Ma il film visto dai “contro” è di tutt’altro genere. Il sindaco – questa è la principale accusa – non solo non ha portato alcun elemento di innovazione, ma di fatto ha riportato indietro le lancette della storia comunale, tornando ai tempi della vecchia Prima Repubblica, con nomine lottizzate e ispirate da più o meno “occulti” suggeritori.

De Luca, urlano i suoi detrattori, ha ridotto Messina al rango di un piccolo borgo di provincia, tra zampognari e sagre paesane, senza strategie di ampio respiro, senza alcuna visione generale.

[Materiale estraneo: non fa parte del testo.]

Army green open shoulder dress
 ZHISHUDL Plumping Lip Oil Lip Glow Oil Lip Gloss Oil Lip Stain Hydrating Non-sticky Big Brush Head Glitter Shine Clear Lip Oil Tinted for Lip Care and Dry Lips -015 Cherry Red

Lo accusano di “doppia personalità”, toni aggressivi ai limiti dell’insulto (e già si è beccato le querele dell’ex Giunta Accorinti e dei segretari di Cgil e Uil) e voglia di piacere a tutti con le centinaia di “selfie” che hanno contrassegnato tutti questi giorni sulla sua pagina Facebook, diventata la voce ufficiale della città.

Il suo obiettivo è stato letto come un tentativo scientifico di smontare qualunque cosa recasse il marchio della precedente Amministrazione, salvo poi, dopo annunci roboanti, fare diversi passi indietro. Come è accaduto per il tram, prima da smantellare ad ogni costo, ora da salvare e da modificare. Come per le aziende partecipate, da ridurre all’osso se non da eliminare tutte, e che invece sono aumentate in misura esponenziale rispetto al periodo accorintiano.

Come per gli attacchi ai cosiddetti “poteri forti”, le parole di fuoco nei suoi comizi finali della campagna elettorale contro Caronte&Tourist e ora strette di mano, sorrisi e pacche sulle spalle con il Gruppo Franza e non solo. Gli imputano la totale mancanza di equilibrio, la scarsa qualità dei collaboratori scelti in Giunta e al vertice delle partecipate, tutti “yes men” o “yes women” tranne qualche rara eccezione. E ne profetizzano la “caduta” ben prima della fine del mandato.